По дороге на станцию он попросил заехать в попутную парикмахерскую, времени у них оставалось с запасом. Народу в середине рабочего дня не было совсем, и он, усевшись в удобное кресло, попросил парикмахершу, толстую и ленивую женщину, привести его в порядок. Та, на удивление, ловко, быстро его постригла, прилизала и густо полила ядовитым одеколоном «Шипр».
Оглядывая в зеркале буроватую от загара, худющую свою физиономию с проваленными глазами, в которых голубовато проглядывало что-то озорное, победоносное и лишь чуть-чуть тревожное, он удивился, давно уже не видел себя таким ухоженным.
И все-таки, несмотря на задержку, на станцию он приехал раньше срока.
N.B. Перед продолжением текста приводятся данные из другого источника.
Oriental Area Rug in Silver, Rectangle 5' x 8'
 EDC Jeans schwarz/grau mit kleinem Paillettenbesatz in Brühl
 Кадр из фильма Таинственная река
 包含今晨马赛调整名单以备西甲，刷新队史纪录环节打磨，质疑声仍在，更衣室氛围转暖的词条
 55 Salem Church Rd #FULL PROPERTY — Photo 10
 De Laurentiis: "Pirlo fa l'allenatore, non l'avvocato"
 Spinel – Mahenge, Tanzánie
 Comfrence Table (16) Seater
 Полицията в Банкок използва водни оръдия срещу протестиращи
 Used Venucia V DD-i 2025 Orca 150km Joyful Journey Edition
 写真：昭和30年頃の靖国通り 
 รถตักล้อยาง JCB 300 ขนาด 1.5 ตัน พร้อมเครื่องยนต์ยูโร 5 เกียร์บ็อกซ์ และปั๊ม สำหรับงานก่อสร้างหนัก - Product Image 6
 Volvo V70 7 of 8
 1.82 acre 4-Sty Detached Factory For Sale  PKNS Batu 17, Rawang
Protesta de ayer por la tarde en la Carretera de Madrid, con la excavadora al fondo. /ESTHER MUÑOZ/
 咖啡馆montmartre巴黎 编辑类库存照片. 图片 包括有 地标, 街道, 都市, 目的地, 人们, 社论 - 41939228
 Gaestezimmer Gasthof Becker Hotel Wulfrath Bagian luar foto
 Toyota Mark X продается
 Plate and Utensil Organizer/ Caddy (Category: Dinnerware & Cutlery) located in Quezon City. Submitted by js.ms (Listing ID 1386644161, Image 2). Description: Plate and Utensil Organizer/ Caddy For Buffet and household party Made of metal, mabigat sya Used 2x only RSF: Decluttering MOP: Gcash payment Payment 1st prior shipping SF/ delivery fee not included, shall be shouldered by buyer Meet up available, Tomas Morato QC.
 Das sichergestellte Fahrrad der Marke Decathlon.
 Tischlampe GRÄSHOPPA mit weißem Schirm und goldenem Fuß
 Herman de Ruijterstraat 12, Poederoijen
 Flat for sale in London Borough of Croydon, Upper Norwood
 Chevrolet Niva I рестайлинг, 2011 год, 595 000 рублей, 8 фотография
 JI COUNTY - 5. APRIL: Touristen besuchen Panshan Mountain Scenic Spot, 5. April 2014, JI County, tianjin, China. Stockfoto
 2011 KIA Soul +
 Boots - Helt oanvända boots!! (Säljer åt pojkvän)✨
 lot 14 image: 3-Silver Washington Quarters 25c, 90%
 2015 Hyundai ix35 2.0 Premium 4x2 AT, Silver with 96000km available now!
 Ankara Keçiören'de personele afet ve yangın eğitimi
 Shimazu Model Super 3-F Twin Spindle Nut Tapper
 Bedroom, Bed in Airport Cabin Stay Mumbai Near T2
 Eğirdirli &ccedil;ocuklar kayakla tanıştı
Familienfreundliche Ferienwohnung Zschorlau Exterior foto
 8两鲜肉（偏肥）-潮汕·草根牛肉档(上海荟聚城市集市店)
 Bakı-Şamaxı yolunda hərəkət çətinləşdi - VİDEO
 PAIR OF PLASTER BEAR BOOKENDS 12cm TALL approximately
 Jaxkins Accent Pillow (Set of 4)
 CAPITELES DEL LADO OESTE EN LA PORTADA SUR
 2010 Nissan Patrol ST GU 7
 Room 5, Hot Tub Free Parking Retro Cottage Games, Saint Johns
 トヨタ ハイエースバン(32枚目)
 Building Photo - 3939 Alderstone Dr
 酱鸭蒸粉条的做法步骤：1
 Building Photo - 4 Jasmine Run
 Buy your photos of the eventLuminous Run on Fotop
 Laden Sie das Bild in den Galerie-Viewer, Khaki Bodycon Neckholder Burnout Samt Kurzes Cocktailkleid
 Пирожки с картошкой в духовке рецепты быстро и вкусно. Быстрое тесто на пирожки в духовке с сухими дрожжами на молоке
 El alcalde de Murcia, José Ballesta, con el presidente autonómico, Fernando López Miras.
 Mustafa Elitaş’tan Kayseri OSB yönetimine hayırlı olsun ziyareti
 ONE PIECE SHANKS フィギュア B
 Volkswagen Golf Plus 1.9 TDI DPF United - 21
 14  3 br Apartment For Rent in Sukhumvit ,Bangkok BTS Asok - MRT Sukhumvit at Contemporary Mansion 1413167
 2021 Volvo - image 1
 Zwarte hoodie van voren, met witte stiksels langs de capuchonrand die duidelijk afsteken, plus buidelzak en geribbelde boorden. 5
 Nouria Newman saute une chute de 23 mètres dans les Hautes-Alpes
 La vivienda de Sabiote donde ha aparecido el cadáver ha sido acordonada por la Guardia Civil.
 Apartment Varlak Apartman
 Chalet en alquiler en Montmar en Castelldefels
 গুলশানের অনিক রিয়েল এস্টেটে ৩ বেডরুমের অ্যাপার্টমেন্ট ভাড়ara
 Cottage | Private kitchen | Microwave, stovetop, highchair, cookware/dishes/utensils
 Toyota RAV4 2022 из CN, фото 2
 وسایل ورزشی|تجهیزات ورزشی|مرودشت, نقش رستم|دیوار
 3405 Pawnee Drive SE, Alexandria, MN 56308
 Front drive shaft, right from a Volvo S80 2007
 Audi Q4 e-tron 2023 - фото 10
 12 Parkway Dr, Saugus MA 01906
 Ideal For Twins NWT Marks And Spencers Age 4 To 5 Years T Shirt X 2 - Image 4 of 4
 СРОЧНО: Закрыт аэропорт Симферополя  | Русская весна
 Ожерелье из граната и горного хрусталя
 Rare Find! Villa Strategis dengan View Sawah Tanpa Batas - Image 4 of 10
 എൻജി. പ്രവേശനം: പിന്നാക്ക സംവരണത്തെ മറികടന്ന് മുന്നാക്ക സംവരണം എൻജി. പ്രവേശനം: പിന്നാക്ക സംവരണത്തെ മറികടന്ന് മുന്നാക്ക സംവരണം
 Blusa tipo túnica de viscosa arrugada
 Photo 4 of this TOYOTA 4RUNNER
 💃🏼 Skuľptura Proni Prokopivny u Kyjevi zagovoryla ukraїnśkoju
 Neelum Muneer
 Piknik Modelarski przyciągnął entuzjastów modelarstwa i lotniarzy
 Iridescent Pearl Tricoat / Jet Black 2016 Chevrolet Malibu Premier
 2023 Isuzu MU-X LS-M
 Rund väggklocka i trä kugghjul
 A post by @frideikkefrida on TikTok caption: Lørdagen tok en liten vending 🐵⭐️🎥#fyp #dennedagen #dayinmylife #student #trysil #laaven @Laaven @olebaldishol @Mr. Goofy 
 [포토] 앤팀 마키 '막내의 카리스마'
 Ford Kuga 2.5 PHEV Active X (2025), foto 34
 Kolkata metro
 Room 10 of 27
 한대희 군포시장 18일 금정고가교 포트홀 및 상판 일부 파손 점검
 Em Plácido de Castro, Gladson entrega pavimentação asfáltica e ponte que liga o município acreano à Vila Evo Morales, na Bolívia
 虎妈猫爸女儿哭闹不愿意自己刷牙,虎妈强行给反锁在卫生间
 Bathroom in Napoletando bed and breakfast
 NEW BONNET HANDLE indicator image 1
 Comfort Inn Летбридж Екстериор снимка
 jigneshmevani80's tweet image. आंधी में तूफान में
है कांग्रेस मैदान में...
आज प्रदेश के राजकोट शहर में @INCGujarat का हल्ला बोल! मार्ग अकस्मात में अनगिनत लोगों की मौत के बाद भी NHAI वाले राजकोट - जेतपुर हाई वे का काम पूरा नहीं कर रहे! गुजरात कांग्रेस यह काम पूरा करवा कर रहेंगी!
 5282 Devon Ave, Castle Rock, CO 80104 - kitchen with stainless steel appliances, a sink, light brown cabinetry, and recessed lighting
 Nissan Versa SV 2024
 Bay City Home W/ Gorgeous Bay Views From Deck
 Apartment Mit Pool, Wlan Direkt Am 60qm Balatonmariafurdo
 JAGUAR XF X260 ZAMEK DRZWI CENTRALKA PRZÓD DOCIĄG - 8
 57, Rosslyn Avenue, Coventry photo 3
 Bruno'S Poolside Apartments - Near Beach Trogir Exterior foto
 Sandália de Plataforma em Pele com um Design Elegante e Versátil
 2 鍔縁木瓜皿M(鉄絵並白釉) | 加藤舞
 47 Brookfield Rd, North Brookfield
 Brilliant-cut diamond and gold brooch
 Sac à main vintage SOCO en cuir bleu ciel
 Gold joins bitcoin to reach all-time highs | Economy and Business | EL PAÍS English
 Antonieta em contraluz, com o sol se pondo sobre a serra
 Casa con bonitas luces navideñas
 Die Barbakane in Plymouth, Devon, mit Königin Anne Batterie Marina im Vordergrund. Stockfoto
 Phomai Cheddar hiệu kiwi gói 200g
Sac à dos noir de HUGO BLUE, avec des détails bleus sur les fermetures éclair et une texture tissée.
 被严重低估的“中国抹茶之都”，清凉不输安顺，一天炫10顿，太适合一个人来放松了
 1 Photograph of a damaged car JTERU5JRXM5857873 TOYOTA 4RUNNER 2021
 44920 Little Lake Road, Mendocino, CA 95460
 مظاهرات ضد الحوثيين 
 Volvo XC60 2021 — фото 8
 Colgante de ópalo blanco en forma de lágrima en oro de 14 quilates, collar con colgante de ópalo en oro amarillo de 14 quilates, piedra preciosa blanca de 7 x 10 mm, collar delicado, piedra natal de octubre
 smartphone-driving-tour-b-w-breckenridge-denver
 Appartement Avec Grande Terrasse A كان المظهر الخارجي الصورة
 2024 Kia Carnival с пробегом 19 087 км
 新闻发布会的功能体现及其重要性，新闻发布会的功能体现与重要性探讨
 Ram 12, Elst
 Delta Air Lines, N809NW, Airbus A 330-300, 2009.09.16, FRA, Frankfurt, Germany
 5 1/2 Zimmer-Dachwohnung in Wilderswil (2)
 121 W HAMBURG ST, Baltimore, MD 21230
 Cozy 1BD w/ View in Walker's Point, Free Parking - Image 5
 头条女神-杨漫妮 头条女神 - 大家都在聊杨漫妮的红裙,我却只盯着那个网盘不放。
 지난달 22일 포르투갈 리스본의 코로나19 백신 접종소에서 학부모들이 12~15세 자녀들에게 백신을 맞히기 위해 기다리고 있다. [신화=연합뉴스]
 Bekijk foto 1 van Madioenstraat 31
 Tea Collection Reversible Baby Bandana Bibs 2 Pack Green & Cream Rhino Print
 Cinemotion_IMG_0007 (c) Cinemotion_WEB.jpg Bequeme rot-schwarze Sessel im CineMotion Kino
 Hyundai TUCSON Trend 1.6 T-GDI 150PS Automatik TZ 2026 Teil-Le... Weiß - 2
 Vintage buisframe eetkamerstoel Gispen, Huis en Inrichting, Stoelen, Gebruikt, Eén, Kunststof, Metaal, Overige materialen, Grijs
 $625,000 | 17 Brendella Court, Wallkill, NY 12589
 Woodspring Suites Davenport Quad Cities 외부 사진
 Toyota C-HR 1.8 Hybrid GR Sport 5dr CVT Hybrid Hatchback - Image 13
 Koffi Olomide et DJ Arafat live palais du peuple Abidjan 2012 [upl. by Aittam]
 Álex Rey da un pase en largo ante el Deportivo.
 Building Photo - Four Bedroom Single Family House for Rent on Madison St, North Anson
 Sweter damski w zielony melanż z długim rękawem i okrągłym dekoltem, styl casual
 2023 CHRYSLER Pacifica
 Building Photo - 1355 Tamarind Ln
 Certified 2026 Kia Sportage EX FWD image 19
Сбегал, выспросил у дежурного, не опаздывает ли поезд, а потом бесцельно бродил по платформе, почти пустынной (несколько пассажиров да тележка с посылками), вспоминая, как осенью прошлого года в пасмурный серый день он с чемоданчиком ступил на этот перрон.
На привокзальной площади он увидел роскошный «Икарус». Этот самый «Икарус» вселил в него уверенность: если такие роскошные автобусы ходят до города, значит, все будет в порядке. А попадись развалюха, да конопатая, дырявая дорога, да бедный, обшарпанный вокзал, кто знает, не поворотил ли он оглобли сразу же, в первый час приезда!
Стройка стройкой, но ее характер, но ее перспектива, как и хозяин, то бишь министерство, легко угадывались опытным глазом, как говорят, от вешалки, то есть от ворот, в данном случае от вокзала. Вспомнил, как сквозь забрызганные стекла вглядывался он в новые, маячившие у горизонта белые дома, в подсобные службы, в попутный и встречный транспорт, все больше уверяясь в мысли, что не промахнулся в своем выборе (как бы он ни был случаен) в надежде найти здесь свое место, чтобы остаться работать и жить навсегда.
Что же, плохо ли, бедно ли, он исполнил, о чем мечтал (про себя знал, что не плохо и не бедно), и был готов с чистой совестью (ой ли, так уж и чиста?) принять свою семью.
Но уже можно было заглянуть в будущее, как с Володькой построят они своими руками лодку, как купят мотоцикл, чтобы ездить по Новожиловскому шоссе в лес, как будут собирать ягоды и грибы, которых тут завались, по рассказам старожилов. Прошлый год так прямо будто бы в городских соснах собирали маслята в целлофановые мешочки, проходя домой с работы.
Осенью привезут они саженцы яблонь и вишен, а вдоль забора посадят всенепременные, непритязательные палочки тополей, а между ними кустики сирени и акации.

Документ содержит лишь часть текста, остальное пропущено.